In ‘The Glorious Sunset’ these orders are paired with his letter.
IV. The Unburied
This photograph of a road in Flanders (taken just one month before the Armistice) was found for me by Harry Rickit, Associate Pictorial Curator at Auckland Museum.
It articulates everything I feel about the war. What resonates most is the line of soldiers trudging off towards the horizon in such vast numbers, the volume of bodies blurring together and disappearing into the distance.
That sense of vanishing is what I most hoped to articulate in this piece.
In ‘The Unburied’, the telegram sent to Florence Norton to inform her of her husband’s death is paired with an excerpt from a poem by an anonymous New Zealand soldier, known only as M.R.:
And in the silences of the night, when winds are fair
And shot and shard have ceased their wild surprising
I hear a sound of music in the upper air
It is the beating of the wings of migrating birds
Wafting the souls of these unburied heroes into the skies
The poet would have been describing a landscape like this, littered with fallen men. The bodies would have lain in the open for some time as the dangerous conditions prevented their recovery. Sometimes ceasefires were called so that the dead and the wounded could be removed from No Man’s Land. Accounts of this – the immense volume of the dead, the groaning of those still living and wounded, the smell, the rats that feasted on their bodies during the night – are too upsetting to recount in detail here.
But even in the midst of this misery, M.R. was able to find something beautiful in the natural world – something hopeful and redemptive. This is a theme which arises in so much correspondence and writing about the war. It seems that humans as a species – despite our violence – hold on to beauty. That we need it in order to give meaning and context to life – especially to the worst things.

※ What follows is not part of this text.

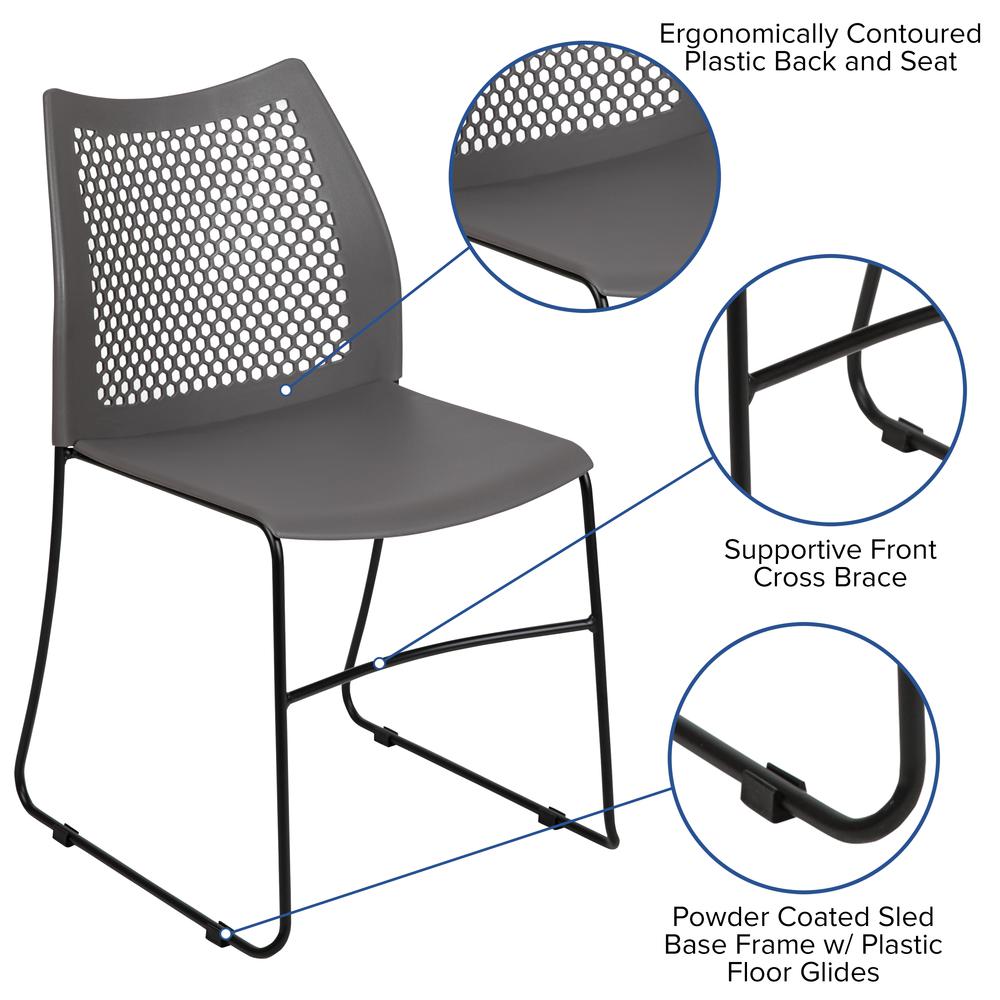 Hercules Series 661 Lb. Capacity Gray Stack Chair With Air-Vent Back And Black Powder Coated Sled Base By Flash Furniture | Side Chairs | Modishstore - 2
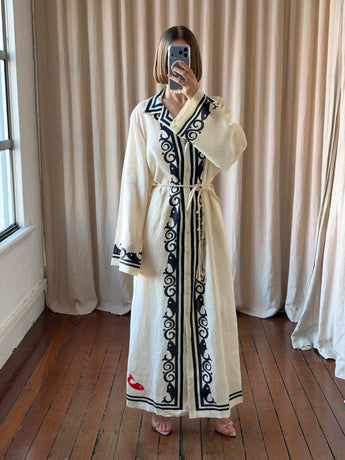Alemais Marine Linen Midi Shirt Dress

For all of the time and thought that went into this piece, I’ve come away feeling that it is impossible to do justice to this subject. Thinking about it has only deepened my sense of inadequacy in that regard.
As we commemorate the centenary of Armistice Day, it strikes me that, of all the silences related to war, peace is the rarest and deepest one of all.
In Alton Macalister’s words, written to his sister as he waited in Europe to be sent home after the war ended:
“Well Isobel dear, let’s not be too impatient, but just wait until all the dark clouds have drifted away, there are still a few left after the stormy times we have been through – and then when the sun can shine all the day long, and men realise that violence is unnecessary, then! – well – guess I’ll be home.”